HMK.nun 281.maddesinde, tarafların, bilirkişi raporunda eksik gördükleri hususların, bilirkişiye tamamlattırılmasını; belirsizlik gösteren hususlar hakkında ise bilirkişinin açıklama yapmasının sağlanmasını veya yeni bilirkişi atanmasını mahkemeden talep edebilecekleri; mahkeme, bilirkişi raporundaki eksiklik yahut belirsizliğin tamamlanması veya açıklığa kavuşturulmasını sağlamak için, bilirkişiden ek rapor alabileceği; ayrıca gerçeğin ortaya çıkması için gerekli görürse, yeni görevlendireceği bilirkişi aracılığıyla, tekrar inceleme de yaptırabileceği açıklanmıştır. Hükme esas alınan ek rapor taraf ve Yargıtay denetimine elverişli olmadığı gibi; Elektrik Tarifeleri ve Müşteri Hizmetleri Yönetmeliğine de uygun değildir .
Sayacın müşterinin kusuru dışında doğru tüketim kaydetmemesi halinde yapılacak hesaplamaya ilişkin yasal düzenleme getiren Elektrik Piyasası Müşteri Hizmetleri Yönetmeliğinin 20. Maddesi:
“(1) Sayacın, müşterinin kusuru dışında herhangi bir nedenle doğru tüketim kaydetmediğinin tespit edilmesi halinde,
a) Sayacın eksik veya fazla tüketim kaydettiği miktarın elektrik sayaçları tamir ve ayar istasyonlarında teknik olarak tespit edilmesi durumunda söz konusu tespit dikkate alınarak,
b) (a) bendinde düzenlenen tespitin bulunmadığı durumlarda; varsa müşterinin aynı döneme ait sağlıklı olarak ölçülmüş geçmiş dönem tüketimleri dikkate alınarak, yoksa sayaç doğru çalışır duruma getirildikten sonra müşterinin ödeme bildirimine esas ilk iki tüketim dönemine ait tüketimlerinin ortalaması dikkate alınarak, hesaplama yapılır ve fark tahakkuk ettirilir.
(2) Tahakkuka esas süre; doğru bulgu ve belgenin bulunması halinde 12 ayı, bulunmaması halinde ise 90 günü aşamaz.
(3) Tüketimdeki farklar, ilgili dönem birim fiyatlarıyla ve gecikme zam olmaksızın, perakende satış lisansı sahibi tüzel kişi tarafından müşteriye tahakkuk ettirilir.
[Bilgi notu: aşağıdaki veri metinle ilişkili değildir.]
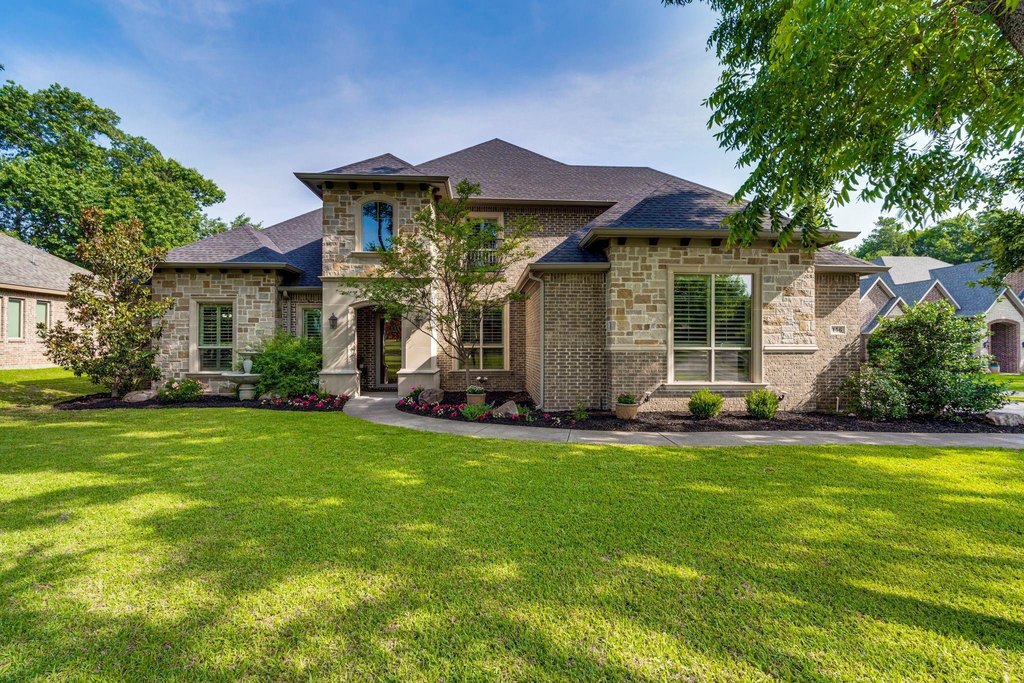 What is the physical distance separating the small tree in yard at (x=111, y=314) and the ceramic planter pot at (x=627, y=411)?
1164 centimetres

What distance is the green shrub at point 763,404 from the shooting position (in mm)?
7973

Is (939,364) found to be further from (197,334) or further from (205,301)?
(197,334)

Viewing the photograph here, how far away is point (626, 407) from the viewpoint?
7.93 metres

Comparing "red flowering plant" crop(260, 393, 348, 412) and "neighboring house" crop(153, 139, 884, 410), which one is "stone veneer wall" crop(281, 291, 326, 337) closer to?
"neighboring house" crop(153, 139, 884, 410)

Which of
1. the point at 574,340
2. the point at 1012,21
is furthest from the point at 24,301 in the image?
the point at 1012,21

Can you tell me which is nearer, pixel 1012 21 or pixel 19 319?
pixel 1012 21

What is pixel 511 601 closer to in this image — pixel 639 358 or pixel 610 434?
pixel 610 434

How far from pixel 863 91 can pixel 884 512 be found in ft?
15.1

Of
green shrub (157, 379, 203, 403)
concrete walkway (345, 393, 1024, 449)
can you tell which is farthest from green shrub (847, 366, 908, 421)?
green shrub (157, 379, 203, 403)

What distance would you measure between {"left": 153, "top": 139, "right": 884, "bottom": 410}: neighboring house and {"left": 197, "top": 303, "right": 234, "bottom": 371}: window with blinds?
30 millimetres

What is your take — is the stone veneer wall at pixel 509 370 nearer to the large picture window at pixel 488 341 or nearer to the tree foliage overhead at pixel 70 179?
the large picture window at pixel 488 341

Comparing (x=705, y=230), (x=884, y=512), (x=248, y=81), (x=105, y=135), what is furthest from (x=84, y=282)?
(x=105, y=135)

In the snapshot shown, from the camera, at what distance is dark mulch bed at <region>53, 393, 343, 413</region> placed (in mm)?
9391

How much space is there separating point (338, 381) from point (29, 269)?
19.1 meters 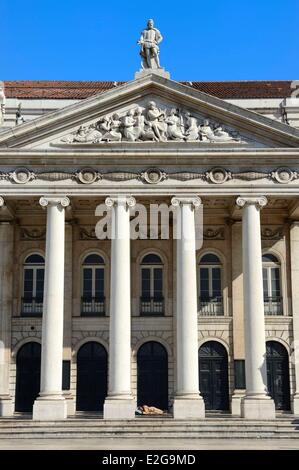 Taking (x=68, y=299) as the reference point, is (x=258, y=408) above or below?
below

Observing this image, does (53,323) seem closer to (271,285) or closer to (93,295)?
(93,295)

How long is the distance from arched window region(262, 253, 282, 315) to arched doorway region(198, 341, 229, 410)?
9.75 ft

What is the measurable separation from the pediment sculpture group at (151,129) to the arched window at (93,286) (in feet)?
21.7

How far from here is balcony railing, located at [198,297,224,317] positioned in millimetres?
34656

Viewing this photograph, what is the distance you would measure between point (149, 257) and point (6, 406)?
31.0 ft

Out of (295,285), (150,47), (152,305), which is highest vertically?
(150,47)

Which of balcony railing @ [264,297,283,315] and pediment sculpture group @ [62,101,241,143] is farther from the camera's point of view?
balcony railing @ [264,297,283,315]

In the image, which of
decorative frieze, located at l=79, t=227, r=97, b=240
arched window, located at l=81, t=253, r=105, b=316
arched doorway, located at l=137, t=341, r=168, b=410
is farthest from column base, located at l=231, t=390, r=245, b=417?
decorative frieze, located at l=79, t=227, r=97, b=240

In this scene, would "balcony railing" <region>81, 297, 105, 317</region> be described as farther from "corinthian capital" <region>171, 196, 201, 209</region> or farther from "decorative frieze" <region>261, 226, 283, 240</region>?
"decorative frieze" <region>261, 226, 283, 240</region>

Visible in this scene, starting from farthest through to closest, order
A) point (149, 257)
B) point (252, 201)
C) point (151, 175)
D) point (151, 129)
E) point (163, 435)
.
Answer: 1. point (149, 257)
2. point (151, 129)
3. point (151, 175)
4. point (252, 201)
5. point (163, 435)

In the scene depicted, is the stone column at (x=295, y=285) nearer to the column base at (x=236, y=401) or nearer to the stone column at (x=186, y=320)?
the column base at (x=236, y=401)

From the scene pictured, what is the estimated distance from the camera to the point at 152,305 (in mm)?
34812

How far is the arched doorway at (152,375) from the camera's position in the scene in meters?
33.6

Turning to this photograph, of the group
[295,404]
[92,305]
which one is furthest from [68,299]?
[295,404] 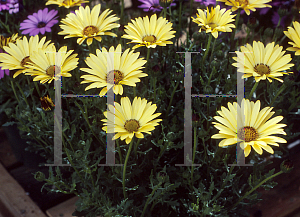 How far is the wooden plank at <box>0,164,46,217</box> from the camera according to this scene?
0.95m

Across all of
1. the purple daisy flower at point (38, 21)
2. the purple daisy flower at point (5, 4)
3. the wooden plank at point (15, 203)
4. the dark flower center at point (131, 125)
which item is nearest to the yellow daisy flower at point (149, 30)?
the dark flower center at point (131, 125)

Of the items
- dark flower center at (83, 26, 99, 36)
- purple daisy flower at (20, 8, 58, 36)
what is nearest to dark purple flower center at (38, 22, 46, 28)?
purple daisy flower at (20, 8, 58, 36)

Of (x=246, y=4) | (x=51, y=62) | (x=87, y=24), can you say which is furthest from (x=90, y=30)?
(x=246, y=4)

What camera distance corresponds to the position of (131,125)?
0.60 m

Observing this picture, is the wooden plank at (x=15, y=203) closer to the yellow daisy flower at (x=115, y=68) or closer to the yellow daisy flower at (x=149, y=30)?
the yellow daisy flower at (x=115, y=68)

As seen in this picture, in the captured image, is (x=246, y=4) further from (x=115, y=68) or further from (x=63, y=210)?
(x=63, y=210)

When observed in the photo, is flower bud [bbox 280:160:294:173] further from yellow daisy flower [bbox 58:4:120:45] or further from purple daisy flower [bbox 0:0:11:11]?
purple daisy flower [bbox 0:0:11:11]

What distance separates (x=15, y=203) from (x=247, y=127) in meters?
0.79

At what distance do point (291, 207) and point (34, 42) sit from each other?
3.03 feet

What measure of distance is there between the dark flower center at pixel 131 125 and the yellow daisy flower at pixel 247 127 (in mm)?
154

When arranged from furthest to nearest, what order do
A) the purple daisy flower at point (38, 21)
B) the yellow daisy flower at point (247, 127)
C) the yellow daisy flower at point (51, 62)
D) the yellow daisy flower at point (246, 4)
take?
the purple daisy flower at point (38, 21) → the yellow daisy flower at point (246, 4) → the yellow daisy flower at point (51, 62) → the yellow daisy flower at point (247, 127)

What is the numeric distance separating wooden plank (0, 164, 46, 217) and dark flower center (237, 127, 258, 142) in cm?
71

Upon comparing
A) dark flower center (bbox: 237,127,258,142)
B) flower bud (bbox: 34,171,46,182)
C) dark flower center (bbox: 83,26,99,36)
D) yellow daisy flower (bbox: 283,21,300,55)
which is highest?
dark flower center (bbox: 83,26,99,36)

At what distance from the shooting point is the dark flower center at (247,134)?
55 centimetres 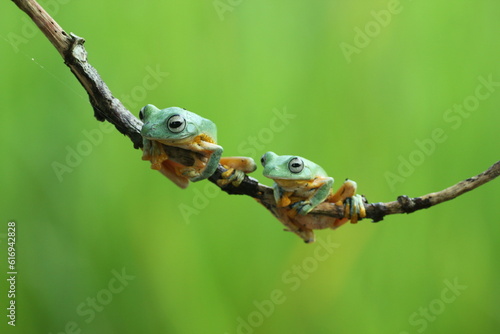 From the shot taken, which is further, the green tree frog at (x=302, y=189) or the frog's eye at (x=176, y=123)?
the green tree frog at (x=302, y=189)

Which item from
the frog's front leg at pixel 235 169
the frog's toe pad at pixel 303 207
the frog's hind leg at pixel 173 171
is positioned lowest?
the frog's toe pad at pixel 303 207

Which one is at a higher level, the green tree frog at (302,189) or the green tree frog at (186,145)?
the green tree frog at (186,145)

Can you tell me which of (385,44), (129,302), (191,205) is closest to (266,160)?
(191,205)

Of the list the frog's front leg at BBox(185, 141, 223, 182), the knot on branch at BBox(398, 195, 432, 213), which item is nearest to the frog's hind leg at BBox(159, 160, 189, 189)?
the frog's front leg at BBox(185, 141, 223, 182)

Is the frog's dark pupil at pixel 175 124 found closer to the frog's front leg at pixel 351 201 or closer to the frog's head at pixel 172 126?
the frog's head at pixel 172 126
Müşterinin talep etmesi durumunda söz konusu miktar tahakkuk süresi kadar eşit taksitler halinde ödenir.
(4) Yukarıda yapılan hesaplamalar sonucunda bulunan fark müşteri lehine ise, 23 üncü maddenin dördüncü fıkrası hükümlerine göre iade veya mahsup işlemi yapılır.” yasal ifadesini içermektedir .
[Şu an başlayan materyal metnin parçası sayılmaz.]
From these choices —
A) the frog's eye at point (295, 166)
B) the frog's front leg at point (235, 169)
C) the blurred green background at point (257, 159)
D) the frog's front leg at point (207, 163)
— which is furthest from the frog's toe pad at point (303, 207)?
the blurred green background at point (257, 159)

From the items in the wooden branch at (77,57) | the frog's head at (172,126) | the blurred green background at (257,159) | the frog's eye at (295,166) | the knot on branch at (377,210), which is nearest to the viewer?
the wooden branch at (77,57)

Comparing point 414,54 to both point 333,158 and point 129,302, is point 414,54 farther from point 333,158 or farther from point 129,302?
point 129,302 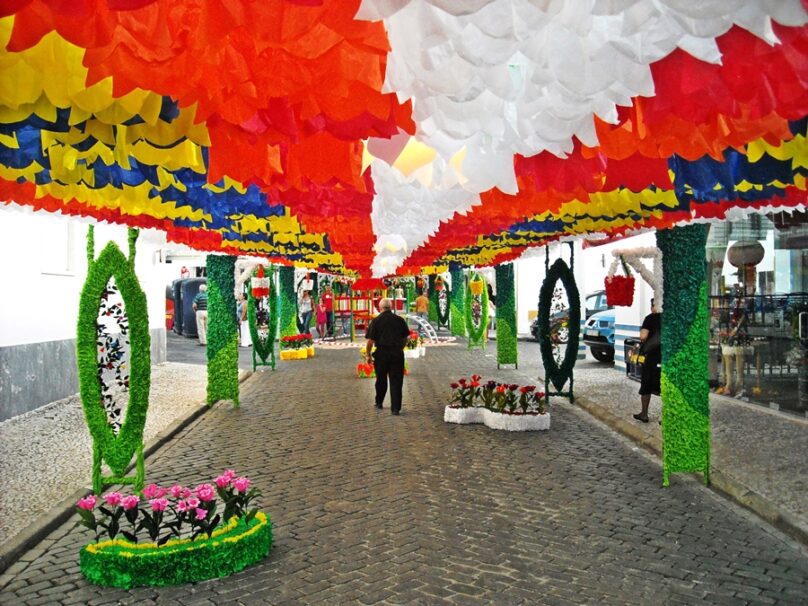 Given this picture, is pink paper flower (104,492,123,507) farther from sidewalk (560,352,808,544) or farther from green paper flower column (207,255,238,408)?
green paper flower column (207,255,238,408)

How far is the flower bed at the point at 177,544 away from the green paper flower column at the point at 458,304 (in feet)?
81.1

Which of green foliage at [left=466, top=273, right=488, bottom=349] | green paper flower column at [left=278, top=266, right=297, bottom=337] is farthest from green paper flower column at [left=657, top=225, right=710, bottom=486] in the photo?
green paper flower column at [left=278, top=266, right=297, bottom=337]

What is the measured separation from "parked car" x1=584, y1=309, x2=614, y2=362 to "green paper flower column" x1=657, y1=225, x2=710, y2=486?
40.3 feet

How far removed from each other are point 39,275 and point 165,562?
8.73 meters

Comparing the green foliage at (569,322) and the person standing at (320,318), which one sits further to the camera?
the person standing at (320,318)

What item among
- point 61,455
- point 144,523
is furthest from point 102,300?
point 61,455

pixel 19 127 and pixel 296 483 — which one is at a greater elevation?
pixel 19 127

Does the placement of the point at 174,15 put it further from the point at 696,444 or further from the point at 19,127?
the point at 696,444

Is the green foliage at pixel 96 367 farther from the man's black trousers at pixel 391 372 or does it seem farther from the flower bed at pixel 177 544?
the man's black trousers at pixel 391 372

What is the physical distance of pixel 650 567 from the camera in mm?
4594

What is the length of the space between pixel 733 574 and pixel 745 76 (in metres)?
3.47

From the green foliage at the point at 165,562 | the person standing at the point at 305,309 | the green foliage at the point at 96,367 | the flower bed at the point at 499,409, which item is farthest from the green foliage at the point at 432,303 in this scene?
the green foliage at the point at 165,562

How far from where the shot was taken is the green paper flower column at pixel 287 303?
2431cm

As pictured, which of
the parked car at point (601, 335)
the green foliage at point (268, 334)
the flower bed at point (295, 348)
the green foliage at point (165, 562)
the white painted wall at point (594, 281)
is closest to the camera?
the green foliage at point (165, 562) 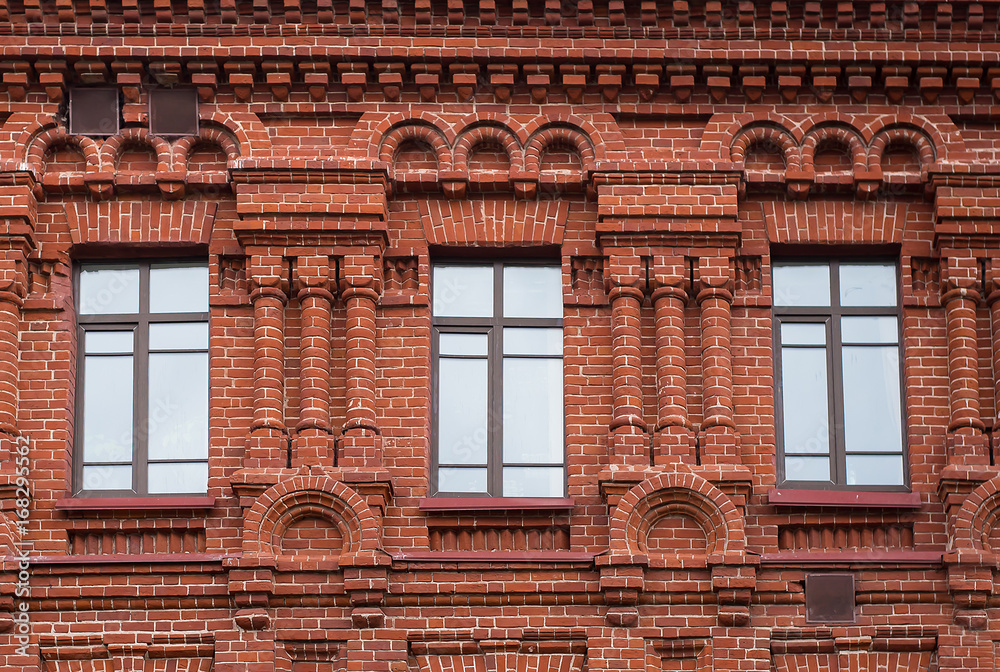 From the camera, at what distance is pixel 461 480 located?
17688 millimetres

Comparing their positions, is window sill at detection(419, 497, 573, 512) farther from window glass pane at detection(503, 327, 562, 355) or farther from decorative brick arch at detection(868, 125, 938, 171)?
decorative brick arch at detection(868, 125, 938, 171)

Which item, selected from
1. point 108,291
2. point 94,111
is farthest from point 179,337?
point 94,111

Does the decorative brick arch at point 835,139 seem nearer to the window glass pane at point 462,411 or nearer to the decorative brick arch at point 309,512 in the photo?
the window glass pane at point 462,411

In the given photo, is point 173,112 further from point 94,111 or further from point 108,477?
point 108,477

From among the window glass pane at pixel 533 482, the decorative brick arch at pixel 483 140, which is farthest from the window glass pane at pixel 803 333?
the decorative brick arch at pixel 483 140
Hal böyle olunca, yukarıda açıklanan olgular dikkate alınarak, elektrik bedelinin Elektrik Tarifeleri Müşteri Hizmetleri Yönetmeliği’nin 20. maddesinde belirtilen yönteme göre hesaplanması için dava dosyasının önceki bilirkişi dışında uzman bilirkişiye verilerek, davacının talep edebileceği elektrik tüketim bedelinin doğru bulgu ve belgeler ile duraksamasız tespit edildikten sonra temyiz edenin sıfatı da dikkate alınarak davalının sorumlu olduğu bedelin bu şekilde belirlenmesi, daha sonra toplanan ve toplanacak tüm deliller birlikte değerlendirilerek sonucuna göre karar verilmesi gerekirken, yetersiz bilirkişi raporu benimsenerek yanılgılı değerlendirme sonucu eksik incelemeyle hüküm tesisi usul ve yasaya aykırı olup bozmayı gerektirmiştir.
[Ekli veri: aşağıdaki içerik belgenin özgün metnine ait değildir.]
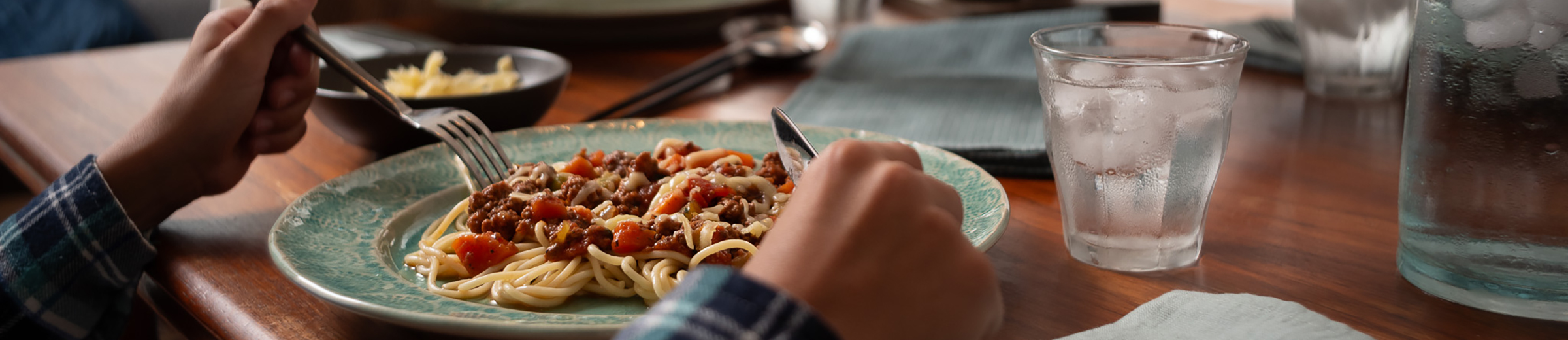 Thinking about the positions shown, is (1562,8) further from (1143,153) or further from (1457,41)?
(1143,153)

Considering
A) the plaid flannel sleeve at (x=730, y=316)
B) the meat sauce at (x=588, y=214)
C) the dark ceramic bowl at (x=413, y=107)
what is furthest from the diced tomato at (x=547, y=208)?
the plaid flannel sleeve at (x=730, y=316)

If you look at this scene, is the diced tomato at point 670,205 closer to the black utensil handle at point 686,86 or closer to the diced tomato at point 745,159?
the diced tomato at point 745,159

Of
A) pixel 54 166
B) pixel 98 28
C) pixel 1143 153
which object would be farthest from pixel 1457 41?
pixel 98 28

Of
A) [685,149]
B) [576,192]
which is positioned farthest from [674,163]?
[576,192]

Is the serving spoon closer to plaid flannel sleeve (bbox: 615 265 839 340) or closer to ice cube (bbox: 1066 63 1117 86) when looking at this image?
ice cube (bbox: 1066 63 1117 86)

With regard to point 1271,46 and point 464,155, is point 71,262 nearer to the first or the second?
point 464,155

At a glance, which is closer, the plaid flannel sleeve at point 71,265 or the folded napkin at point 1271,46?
the plaid flannel sleeve at point 71,265

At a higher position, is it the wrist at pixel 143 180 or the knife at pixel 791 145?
the knife at pixel 791 145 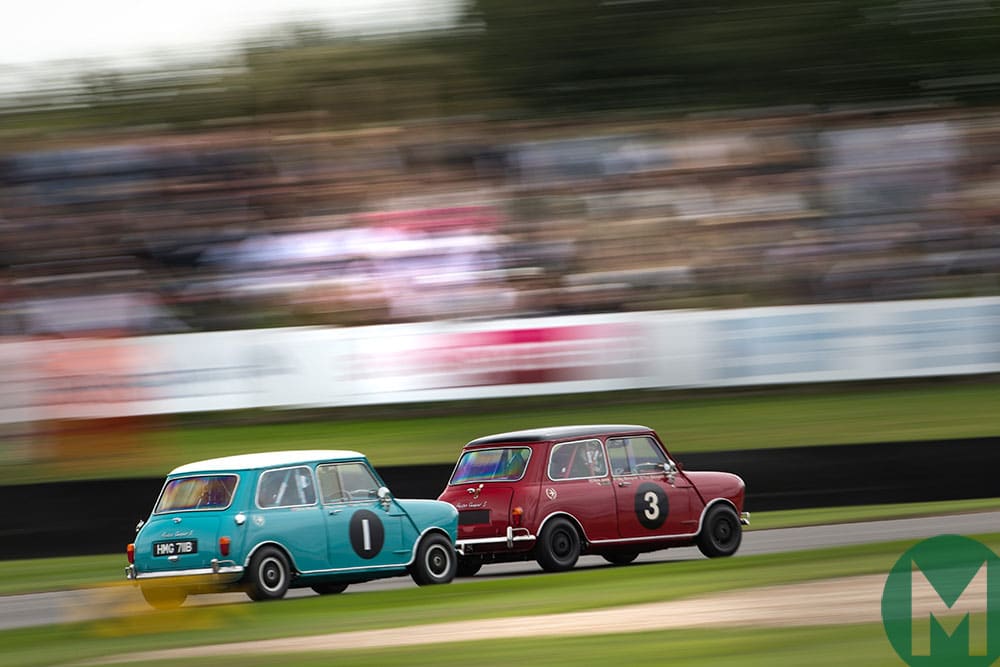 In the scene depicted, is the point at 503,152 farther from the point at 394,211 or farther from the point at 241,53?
the point at 241,53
SONUÇ: Yukarıda açıklanan esaslar gözönünde tutulmaksızın yazılı şekilde hüküm tesisi isabetsiz, temyiz itirazları bu nedenlerle yerinde olduğundan kabulü ile hükmün HUMK.nun 428.maddesi gereğince BOZULMASINA ve peşin alınan temyiz harcının istek halinde temyiz edene iadesine, 21.10.2015 tarihinde oybirliğiyle karar verildi.